Japan’s Infrastructure

Table of Content

The infrastructure issues of Japan have affected the country significantly. Some of these issues include education, public transportation, roads, and various services. The first issue the company needs to know about will be the availability of education in Japan. According to Semeuls 2017, “In many countries, the United States included, students’ economic backgrounds often determine the quality of the education they receive.” (Semuels, 2017). This means that based on the amount of income each family makes, depends on the value of education received. This is huge because compared to the United States, people will not have the same opportunity at a good education because of their economic background. In Japan, this does not exist, but the Japanese believe that education is very value; if a Japanese student is being educated, they will graduate. Japan strongly believes in equality between students. Compared to the United States, school is mandatory but not really enforced, allowing for a higher dropout rate.
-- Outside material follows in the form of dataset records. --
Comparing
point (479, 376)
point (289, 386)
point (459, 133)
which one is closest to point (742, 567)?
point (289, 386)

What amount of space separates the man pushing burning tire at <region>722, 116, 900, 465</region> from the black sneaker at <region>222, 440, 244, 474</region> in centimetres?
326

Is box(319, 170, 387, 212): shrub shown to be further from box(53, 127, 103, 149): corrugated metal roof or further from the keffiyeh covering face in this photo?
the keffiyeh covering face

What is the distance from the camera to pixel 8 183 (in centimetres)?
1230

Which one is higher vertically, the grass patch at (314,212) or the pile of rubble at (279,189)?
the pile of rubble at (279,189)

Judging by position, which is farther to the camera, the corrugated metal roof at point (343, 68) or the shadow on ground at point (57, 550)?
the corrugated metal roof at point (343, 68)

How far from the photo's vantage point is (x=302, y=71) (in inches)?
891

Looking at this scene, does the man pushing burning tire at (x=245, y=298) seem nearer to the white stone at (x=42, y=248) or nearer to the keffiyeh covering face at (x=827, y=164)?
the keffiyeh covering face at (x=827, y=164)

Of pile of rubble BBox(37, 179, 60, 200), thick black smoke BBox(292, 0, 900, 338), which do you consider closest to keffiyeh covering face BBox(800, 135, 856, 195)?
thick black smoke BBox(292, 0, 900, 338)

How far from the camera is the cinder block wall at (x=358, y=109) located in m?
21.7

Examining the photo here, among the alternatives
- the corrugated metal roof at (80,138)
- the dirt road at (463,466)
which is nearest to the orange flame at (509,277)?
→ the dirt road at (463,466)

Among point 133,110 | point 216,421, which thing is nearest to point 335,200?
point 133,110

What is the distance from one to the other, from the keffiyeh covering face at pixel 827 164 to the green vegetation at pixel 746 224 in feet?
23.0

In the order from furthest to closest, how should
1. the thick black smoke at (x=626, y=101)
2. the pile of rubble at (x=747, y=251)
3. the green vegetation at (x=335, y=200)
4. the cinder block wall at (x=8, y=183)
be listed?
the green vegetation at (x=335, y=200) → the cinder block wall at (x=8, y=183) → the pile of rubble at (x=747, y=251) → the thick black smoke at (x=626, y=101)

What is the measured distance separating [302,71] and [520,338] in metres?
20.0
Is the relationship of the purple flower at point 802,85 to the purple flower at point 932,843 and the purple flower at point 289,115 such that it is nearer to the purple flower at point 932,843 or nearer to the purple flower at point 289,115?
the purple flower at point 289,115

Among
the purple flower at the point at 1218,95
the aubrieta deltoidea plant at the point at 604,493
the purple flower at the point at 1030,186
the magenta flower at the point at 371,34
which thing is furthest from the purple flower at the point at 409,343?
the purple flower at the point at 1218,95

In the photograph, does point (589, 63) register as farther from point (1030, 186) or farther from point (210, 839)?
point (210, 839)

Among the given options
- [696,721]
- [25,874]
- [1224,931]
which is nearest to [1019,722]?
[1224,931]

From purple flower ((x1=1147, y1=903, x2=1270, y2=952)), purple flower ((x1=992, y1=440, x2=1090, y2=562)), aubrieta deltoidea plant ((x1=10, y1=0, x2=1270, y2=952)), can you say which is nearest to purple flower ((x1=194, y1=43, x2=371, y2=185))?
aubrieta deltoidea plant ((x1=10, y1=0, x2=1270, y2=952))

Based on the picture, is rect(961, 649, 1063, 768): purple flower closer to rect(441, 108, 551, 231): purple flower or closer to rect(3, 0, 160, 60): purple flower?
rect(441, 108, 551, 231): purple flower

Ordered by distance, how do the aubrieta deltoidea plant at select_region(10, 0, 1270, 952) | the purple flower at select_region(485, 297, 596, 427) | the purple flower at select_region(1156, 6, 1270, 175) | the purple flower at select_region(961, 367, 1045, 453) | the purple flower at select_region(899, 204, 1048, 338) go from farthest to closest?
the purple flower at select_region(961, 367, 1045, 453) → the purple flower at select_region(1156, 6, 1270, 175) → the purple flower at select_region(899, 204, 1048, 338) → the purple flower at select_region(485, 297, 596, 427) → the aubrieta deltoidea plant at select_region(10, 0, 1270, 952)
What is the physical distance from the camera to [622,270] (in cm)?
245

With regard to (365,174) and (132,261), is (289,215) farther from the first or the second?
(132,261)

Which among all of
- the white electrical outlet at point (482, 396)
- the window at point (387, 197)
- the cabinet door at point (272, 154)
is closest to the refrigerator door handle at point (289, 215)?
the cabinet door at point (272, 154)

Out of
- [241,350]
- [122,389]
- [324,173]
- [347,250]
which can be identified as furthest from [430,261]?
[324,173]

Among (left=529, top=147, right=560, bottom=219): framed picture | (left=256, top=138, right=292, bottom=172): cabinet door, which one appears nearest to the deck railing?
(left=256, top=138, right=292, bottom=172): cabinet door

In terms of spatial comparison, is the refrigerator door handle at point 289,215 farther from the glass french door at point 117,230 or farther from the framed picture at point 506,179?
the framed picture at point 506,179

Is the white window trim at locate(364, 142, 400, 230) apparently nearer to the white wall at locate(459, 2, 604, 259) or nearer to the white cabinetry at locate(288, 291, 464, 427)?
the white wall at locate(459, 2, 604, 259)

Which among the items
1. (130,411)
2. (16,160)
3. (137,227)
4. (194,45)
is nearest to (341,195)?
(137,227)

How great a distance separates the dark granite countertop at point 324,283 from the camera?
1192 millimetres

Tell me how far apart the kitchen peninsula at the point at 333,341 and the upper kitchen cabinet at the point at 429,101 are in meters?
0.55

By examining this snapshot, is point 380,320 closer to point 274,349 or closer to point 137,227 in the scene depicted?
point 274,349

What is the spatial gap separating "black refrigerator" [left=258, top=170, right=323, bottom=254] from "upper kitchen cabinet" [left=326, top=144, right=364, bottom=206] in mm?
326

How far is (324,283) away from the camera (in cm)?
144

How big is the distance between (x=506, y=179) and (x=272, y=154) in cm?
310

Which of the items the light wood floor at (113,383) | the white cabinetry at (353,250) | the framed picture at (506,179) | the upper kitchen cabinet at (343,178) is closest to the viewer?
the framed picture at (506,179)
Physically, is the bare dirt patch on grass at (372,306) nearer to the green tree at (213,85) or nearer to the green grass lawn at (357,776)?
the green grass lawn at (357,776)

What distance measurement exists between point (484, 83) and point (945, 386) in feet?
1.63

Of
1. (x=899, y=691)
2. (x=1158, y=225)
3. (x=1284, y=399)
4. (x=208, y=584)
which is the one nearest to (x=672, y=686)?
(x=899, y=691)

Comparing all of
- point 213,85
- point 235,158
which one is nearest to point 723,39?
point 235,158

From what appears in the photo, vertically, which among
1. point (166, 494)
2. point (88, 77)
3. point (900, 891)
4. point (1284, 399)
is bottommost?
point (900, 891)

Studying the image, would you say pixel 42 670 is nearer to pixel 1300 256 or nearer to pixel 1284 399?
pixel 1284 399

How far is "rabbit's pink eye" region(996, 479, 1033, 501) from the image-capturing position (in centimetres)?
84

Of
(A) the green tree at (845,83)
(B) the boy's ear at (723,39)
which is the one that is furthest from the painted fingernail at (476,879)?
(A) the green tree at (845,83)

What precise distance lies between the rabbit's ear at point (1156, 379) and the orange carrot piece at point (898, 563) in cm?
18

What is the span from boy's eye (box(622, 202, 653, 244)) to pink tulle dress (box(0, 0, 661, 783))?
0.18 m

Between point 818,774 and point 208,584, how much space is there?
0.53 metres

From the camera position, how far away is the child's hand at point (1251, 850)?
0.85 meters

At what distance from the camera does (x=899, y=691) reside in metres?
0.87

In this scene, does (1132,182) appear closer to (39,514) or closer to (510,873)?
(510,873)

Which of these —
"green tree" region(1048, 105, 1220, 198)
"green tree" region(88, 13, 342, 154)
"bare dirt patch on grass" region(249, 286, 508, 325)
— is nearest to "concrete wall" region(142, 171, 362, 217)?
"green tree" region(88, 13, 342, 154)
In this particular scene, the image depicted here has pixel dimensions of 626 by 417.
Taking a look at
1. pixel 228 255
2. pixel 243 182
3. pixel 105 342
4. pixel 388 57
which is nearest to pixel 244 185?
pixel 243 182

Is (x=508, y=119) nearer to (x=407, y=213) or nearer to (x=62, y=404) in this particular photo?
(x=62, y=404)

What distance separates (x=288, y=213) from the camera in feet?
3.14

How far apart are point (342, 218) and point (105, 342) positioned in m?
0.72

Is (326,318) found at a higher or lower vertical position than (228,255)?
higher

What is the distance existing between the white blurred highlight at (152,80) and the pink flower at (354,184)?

According to the Organization for Economic Co-operation and Development (OECD), “a group of 35 wealthy countries, Japan ranks highly among its peers in providing its rich and poor students with equal educational opportunities.” The OECD estimates that in Japan only about 9% of the variation in student performance is explained by students’ socioeconomic backgrounds. The OECD average is 14%, and in the United States, it’s 17%.” Because there are poor areas in Japan, it does not mean the education of students has to suffer.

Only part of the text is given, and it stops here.